If you using rename to change the name of the column, you will need to enter the identifier in the following form: oldname,newname. Renaming works for several identifiers at the same time, but sometimes the command looks confusing, because you need to specify the names without breaks, separated only by commas.

Make sure the number of old and new column identifiers gives you an even number – if so, you have not forgotten anything. The command does not change the field names in the file header; the new names only appear in the output. The first line of Listing 4 shows an example of renaming, where the --opprint option gives the output a cleaner appearance (Figure 9).

Listing 4

Renaming

$ mlr --csv --rs lf --opprint rename name,last_name,amount,annual_charge csv3.txt
$ mlr --csv --rs lf reorder -f amount,name,first_name csv3.txt
$ mlr --csv --rs lf sort -f name,first_name csv3.txt csv4.txt
$ mlr --csv --rs lf --opprint uniq -c -g name,first_name,amount csv3.txt csv4.txt

Figure 9: If necessary, you can change the names of the columns and their order. In this case, the --opprint option provides a clearer overview.

To change the column position, use the reorder command. If you specify all existing column names (Listing 4, line 2), the output occurs in the desired order. Miller otherwise puts the changes at the end or beginning.

Using the sort and uniq commands, you can influence the sequence of records or lines. Whereas sort and group-by output equivalent lines in succession, uniq summarizes them (Listing 4, lines 3 and 4).

For the example with uniq, I used the -c option, which gives you a frequency count of the identical rows (Figure 10).

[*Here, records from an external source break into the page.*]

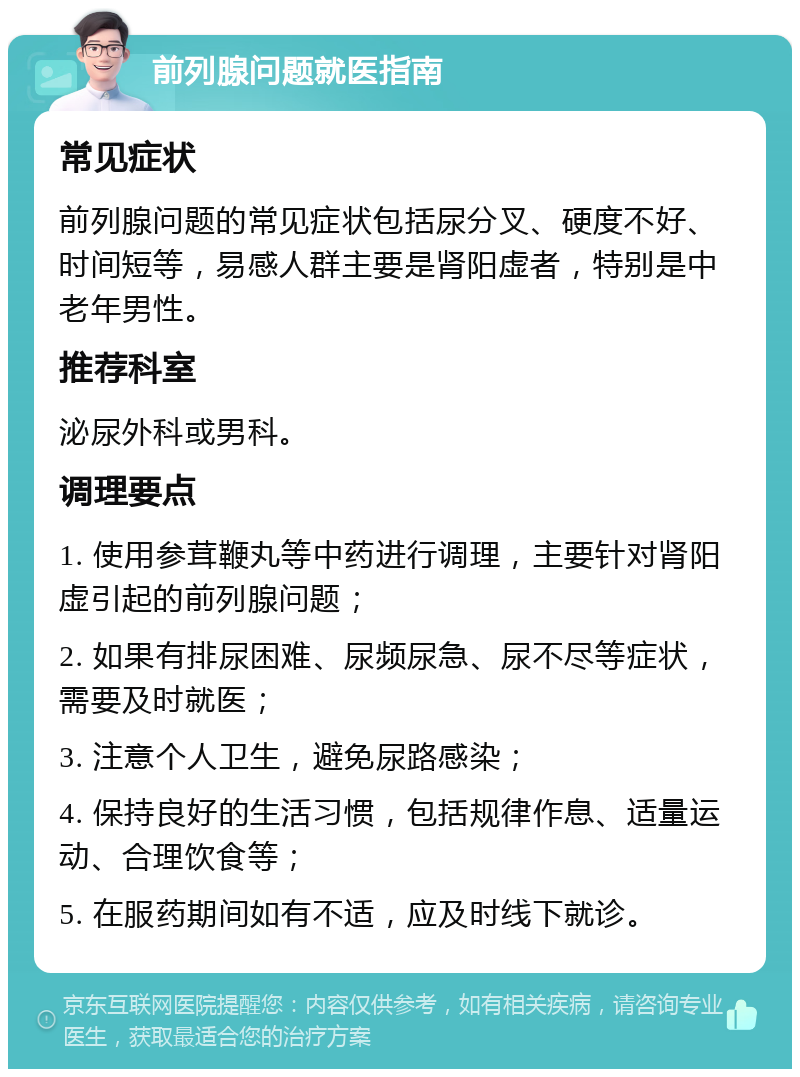 前列腺问题就医指南 常见症状 前列腺问题的常见症状包括尿分叉、硬度不好、时间短等，易感人群主要是肾阳虚者，特别是中老年男性。 推荐科室 泌尿外科或男科。 调理要点 1. 使用参茸鞭丸等中药进行调理，主要针对肾阳虚引起的前列腺问题； 2. 如果有排尿困难、尿频尿急、尿不尽等症状，需要及时就医； 3. 注意个人卫生，避免尿路感染； 4. 保持良好的生活习惯，包括规律作息、适量运动、合理饮食等； 5. 在服药期间如有不适，应及时线下就诊。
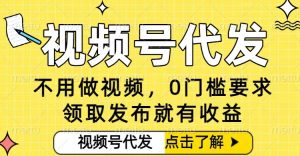 0门槛视频号代发项目，无需剪辑无需做视频，发布就有收益，任务没有上限，小白轻松日入5张【揭秘】-副业网创
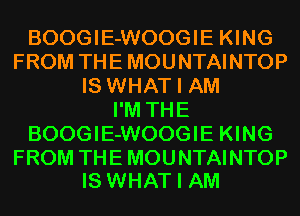 BOOGIE-WOOGIE KING
FROM THE MOUNTAINTOP
IS WHAT I AM
I'M THE
BOOGIE-WOOGIE KING

FROM THE MOUNTAINTOP
IS WHAT I AM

Figure 10: If you need the records in a particular order, without duplicates, use the Miller commands sort and uniq.

Miller Computes

For calculations and statistical analyses, Miller offers the commands stats1, step, and top. You can use stats1 to perform statistical evaluations. The commands in Listing 5 determine the total, the number, the average, the minimum, and the maximum of the amount column; Figure 11 shows the lines of code with the results.

Listing 5

Statistics

$ mlr --csv --rs lf stats1 -a sum -f amount csv3.txt csv4.txt
$ mlr --csv --rs lf stats1 -a count -f amount csv3.txt csv4.txt
$ mlr --csv --rs lf stats1 -a mean -f amount csv3.txt csv4.txt
$ mlr --csv --rs lf stats1 -a min -f amount csv3.txt csv4.txt
$ mlr --csv --rs lf stats1 -a max -f amount csv3.txt csv4.txt

Figure 11: Miller can count and perform simple statistical calculations.

Using step gives you evaluations for each line. The accrued sum per line is given by rsum. You can output the difference between two consecutive lines with delta and the ratio with ratio.

counter gives you a running count of the lines. from-first outputs the difference between the first and the nth line. For examples of such commands, see Listing 6 and Figure 12.

Listing 6

More Stat Tricks

$ mlr --csv --rs lf --opprint step -a rsum -f amount csv3.txt csv4.txt
$ mlr --csv --rs lf --opprint step -a delta -f amount csv3.txt csv4.txt
$ mlr --csv --rs lf --opprint step -a ratio -f amount csv3.txt csv4.txt
$ mlr --csv --rs lf --opprint step -a counter -f amount csv3.txt csv4.txt
$ mlr --csv --rs lf --opprint step -a from-first -f amount csv3.txt csv4.txt

Figure 12: Using Miller operators for linewise calculations.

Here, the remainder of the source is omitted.